KIL is a good company.
Rattan is not a hardwood rather it is fibrous therefore won’t splinter but it become shredded in time.


----------



## Ivan (Feb 7, 2019)

Danny T said:


> For training and sparring rattan is best.
> KIL is a good company.
> Rattan is not a hardwood rather it is fibrous therefore won’t splinter but it become shredded in time.


What do you mean by "shredded"? And could you please say how much time on average please? Although it's good for sparring, I would like it to last long...


----------



## wab25 (Feb 7, 2019)

These guys are worth looking at: Bokken, Jo, Bo, Hanbo, Hiking Sticks and Japanese Wooden Weapons

I have a hanbo from them that is excellent. They make all their wood weapons for paired practice with contact. Very good quality.

The strength of wood


----------



## Ivan (Feb 7, 2019)

wab25 said:


> These guys are worth looking at: Bokken, Jo, Bo, Hanbo, Hiking Sticks and Japanese Wooden Weapons
> 
> I have a hanbo from them that is excellent. They make all their wood weapons for paired practice with contact. Very good quality.
> 
> The strength of wood


Thank you very much. I will save this link for the future. Unfortunately, they can only ship inside of the US, as supposedly "the size of the Bo is too large to ship internationally". I will stick with KIL until I move out.


----------



## Gerry Seymour (Feb 7, 2019)

Ivan said:


> What do you mean by "shredded"? And could you please say how much time on average please? Although it's good for sparring, I would like it to last long...

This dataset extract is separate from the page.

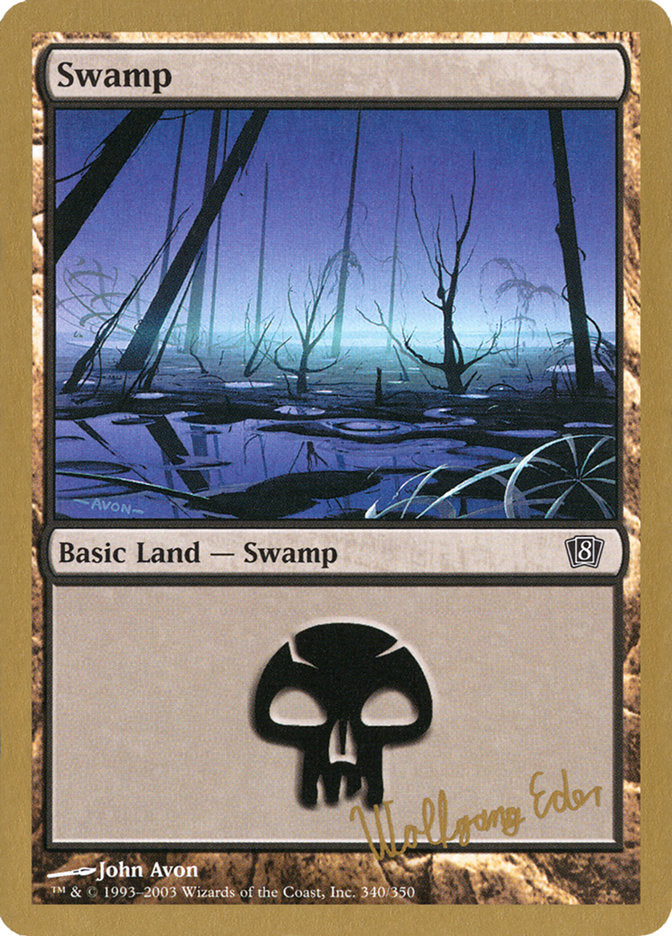 Swamp (we340) (Wolfgang Eder) [World Championship Decks 2003] MTG Single Magic: The Gathering    | Red Claw Gaming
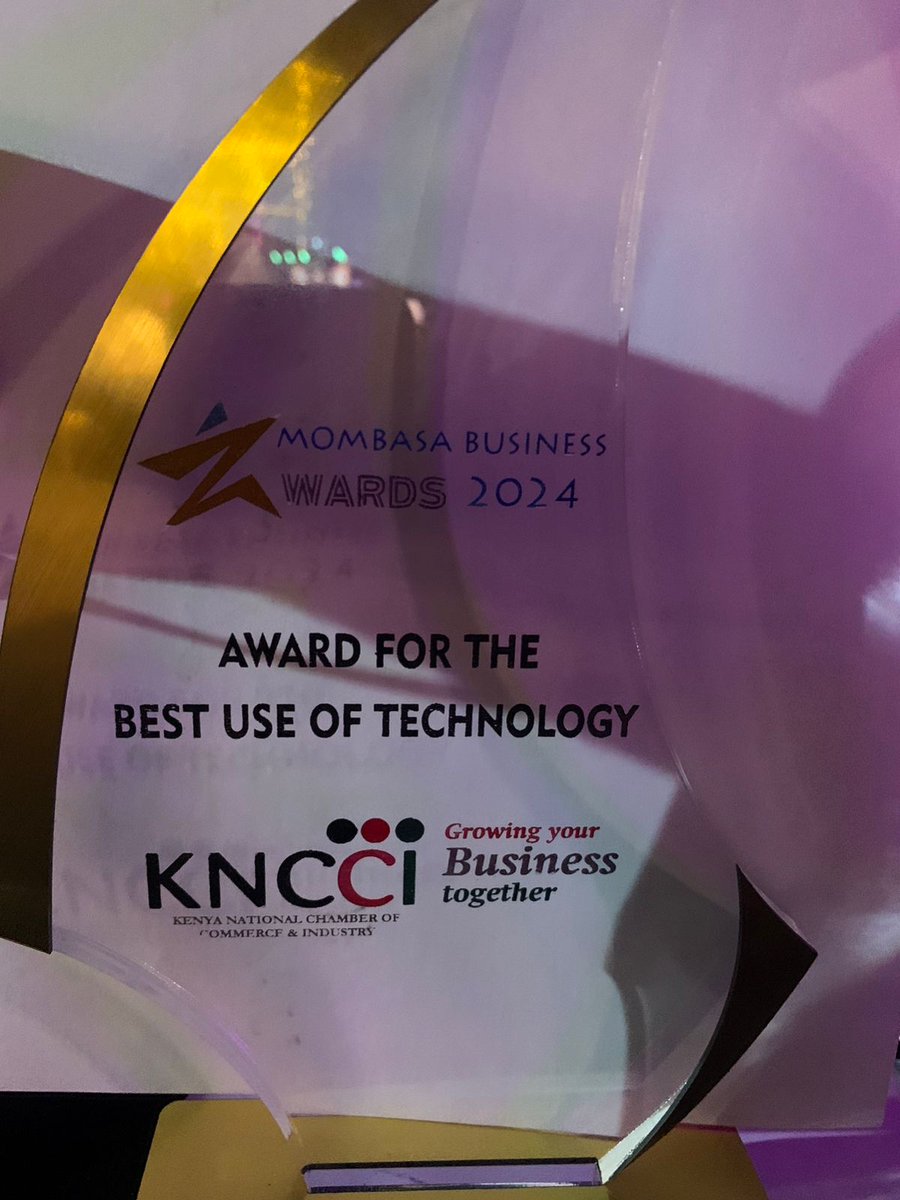 InfoEatta's tweet photo. Exciting news! EATTA has won Best Use of Technology at the @KncciMombasa Mombasa Business Awards 2024!
A huge thank you to our team & partners for driving innovation in the tea trade industry. Here's to more milestones ahead!
#EATTA #Innovation #TeaTrade #MombasaBusinessAwards24 https://t.co/Bxs8Gnski2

Rattan is what's used in Filipino martial arts for their sticks, and those are used stick-on-stick a lot. The shredding is like grass - it just starts to fray, rather than leaving splinters and cracks. Often, it starts with the skin of the rattan splitting, so you even have advanced notice that the weapon is degrading, though you can continue to use it for a time even once it starts to fray, so long as it's not throwing bits at your partner or in danger of collapse. Folks active in FMA can speak to how long a pair of sticks often lasts. Any weapon used for contact is going to degrade over time. If you want to use it that way, I'd suggest a rattan one (it's lighter, but safer as it degrades, and usually cheaper than hardwood), and a good hardwood one (for non-contact and limited use in contact).


----------



## Christopher Adamchek (Feb 7, 2019)

the site @wab25 suggested doesnt ship to the UK (which i believe is where you are)

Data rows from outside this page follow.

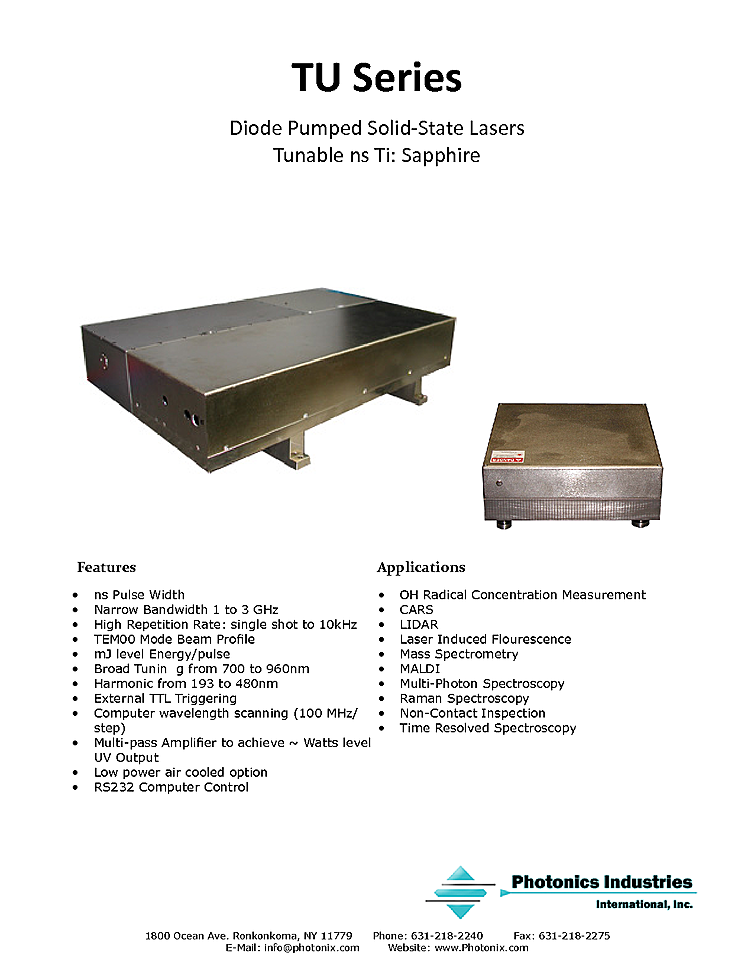 Nanosecond Laser, 700nm-960nm, 1W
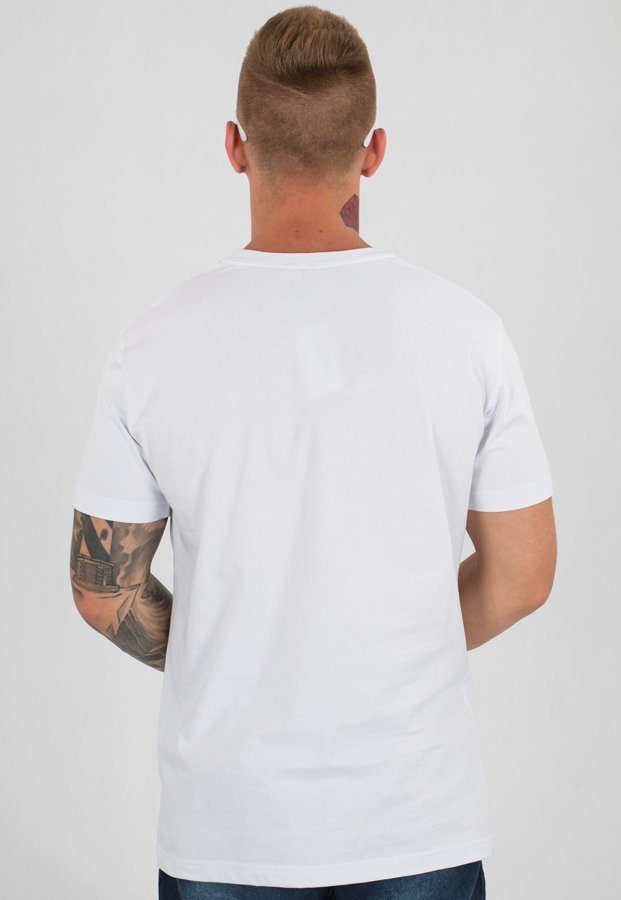 T-shirt Stoprocent Slim Sen biały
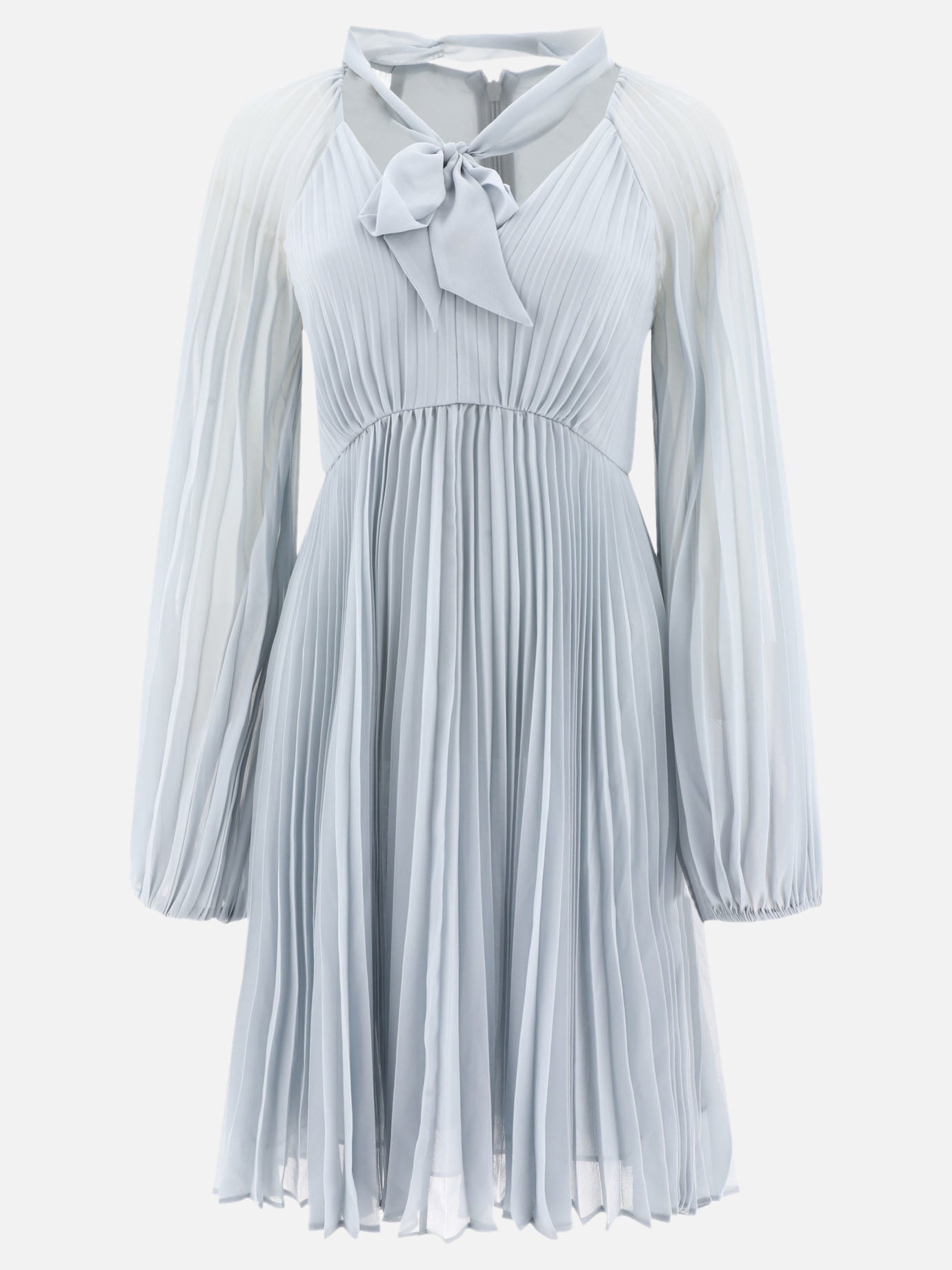 Mini dresses 100% poliestere riciclato  Light blue - Zimmermann Women | PDP | VIETTI Online Store | thumbnail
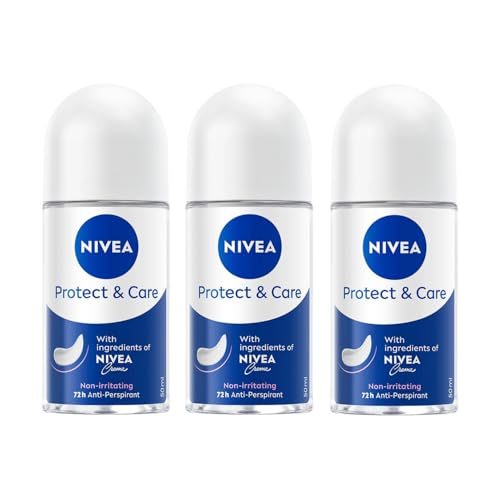 Desodorante NIVEA Protect & Care Roll-On 72H, 50ml, Pack 3 miniatura 1
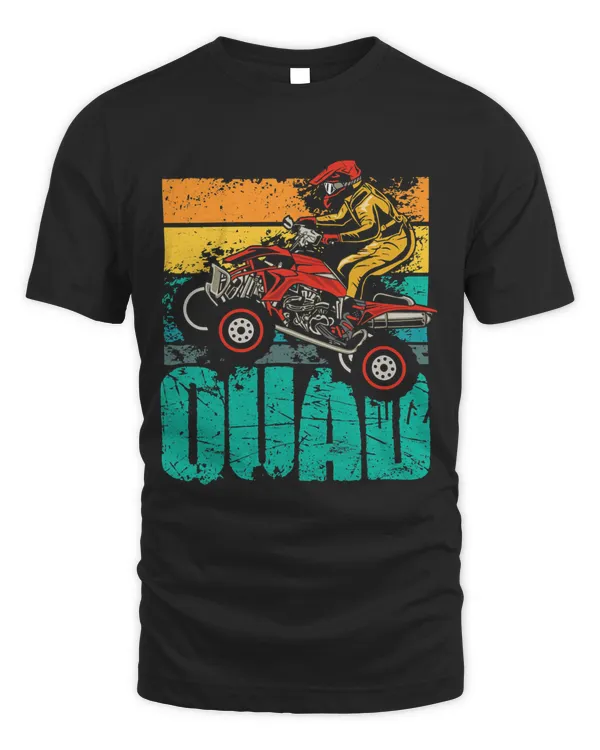 Funny Quad Retro Quad Riding Four Wheeler ATV for Boys Men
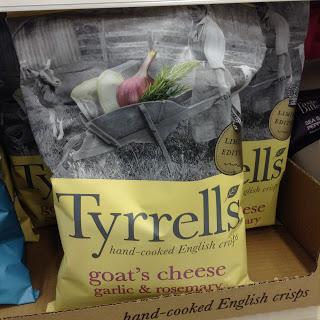 Tyrrell's Goat's Cheese Garlic & Rosemary Limited Edition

Playwell is a reputable site and in the UK
Red Oak is the minimum standard for martial arts weapons, but doesnt hold up to hard training
I'd get the ash one from them, and non tapered if you want heavier

Alternatively 
you can order a custom hard wood exotic dowel for reasonable prices and sand it smooth yourself, this way your getting something very strong, my friend did this to get iron wood bo

Rattan 
Durable and flexible, youll feel a tad less blunt force and a bit more of a sting than a hard wood bow when training and hit with it.  It will start to crack and splinter into into fibers, under heavy training this can take weeks to months.


----------



## Ivan (Feb 7, 2019)

gpseymour said:


> Rattan is what's used in Filipino martial arts for their sticks, and those are used stick-on-stick a lot. The shredding is like grass - it just starts to fray, rather than leaving splinters and cracks. Often, it starts with the skin of the rattan splitting, so you even have advanced notice that the weapon is degrading, though you can continue to use it for a time even once it starts to fray, so long as it's not throwing bits at your partner or in danger of collapse. Folks active in FMA can speak to how long a pair of sticks often lasts. Any weapon used for contact is going to degrade over time. If you want to use it that way, I'd suggest a rattan one (it's lighter, but safer as it degrades, and usually cheaper than hardwood), and a good hardwood one (for non-contact and limited use in contact).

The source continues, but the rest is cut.